The result should be the listing below restated word for word, with images left out.

------ Data

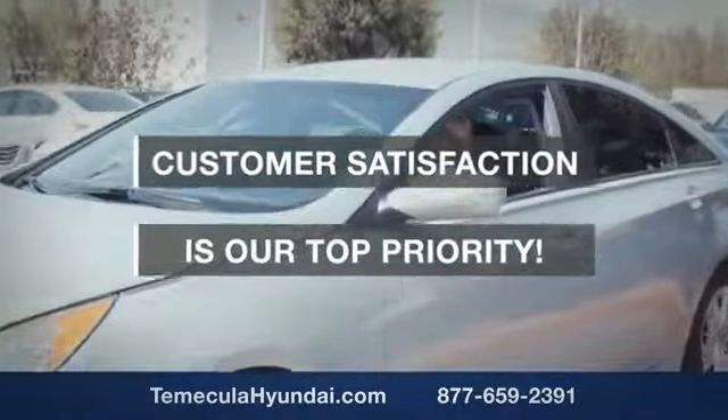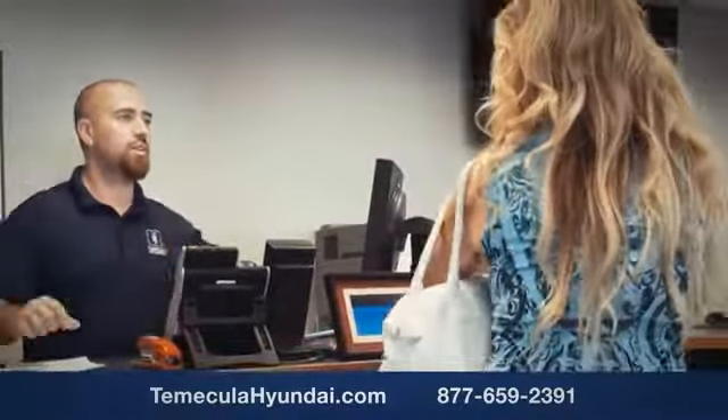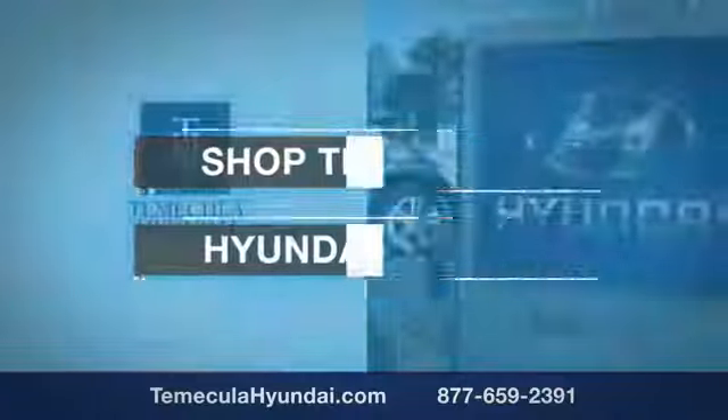We want you to know that customer satisfaction is our top priority. You want to work with a team that has integrity and passion. You want to buy from people you can trust. Shop Temecula Hyundai today.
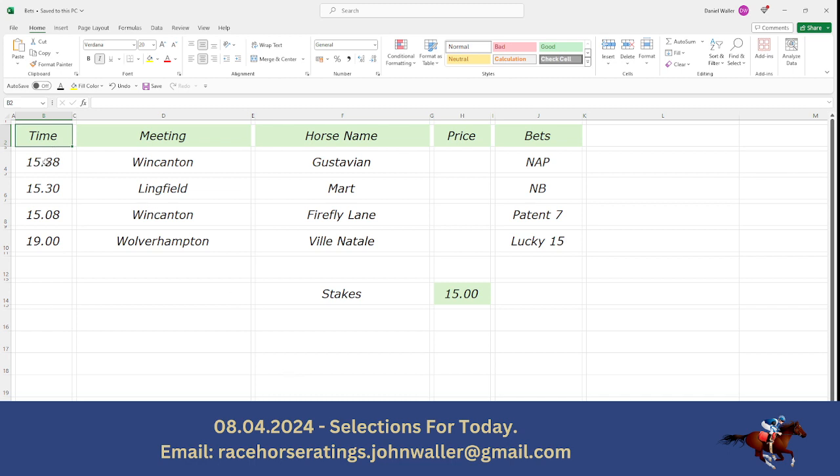We're going to start with the 3:38 at Wincanton this afternoon. This is our NAP of the day and this is Gustavian — that's the best bet of the day. And then the 3:30 at Lingfield. Our selection here is Mart, and Mart is the next best, so the second bet of the day.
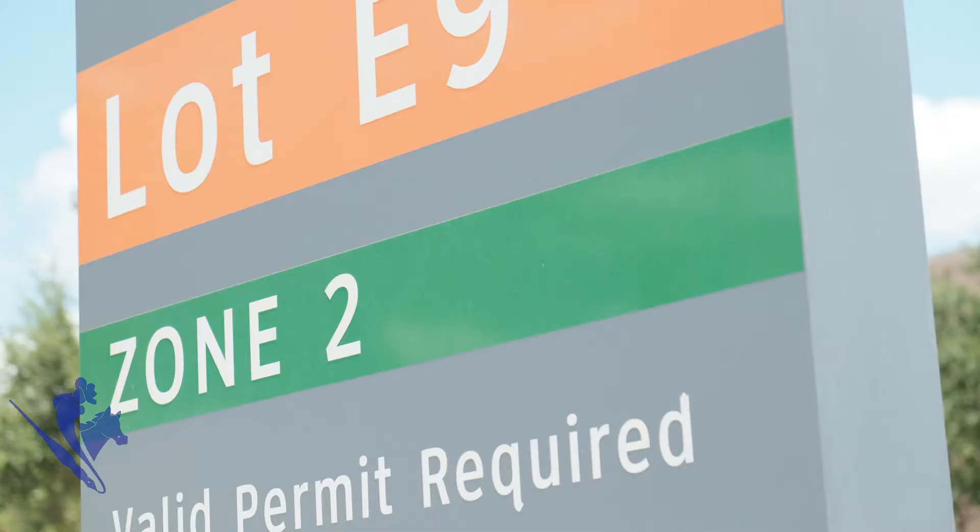The idea really is to incentivize students to purchase a Zone 1 instead of a Zone 2, so that way they can have readily accessible parking and then get quickly from the remote parking lot to the perimeter of the campus.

------------

Answer for this exercise
We want you to know that customer satisfaction is our top priority. You want to work with a team that has integrity and passion. You want to buy from people you can trust. Shop Temecula Hyundai today.
We're going to start with the 3:38 at Wincanton this afternoon. This is our NAP of the day and this is Gustavian — that's the best bet of the day. And then the 3:30 at Lingfield. Our selection here is Mart, and Mart is the next best, so the second bet of the day.
The idea really is to incentivize students to purchase a Zone 1 instead of a Zone 2, so that way they can have readily accessible parking and then get quickly from the remote parking lot to the perimeter of the campus.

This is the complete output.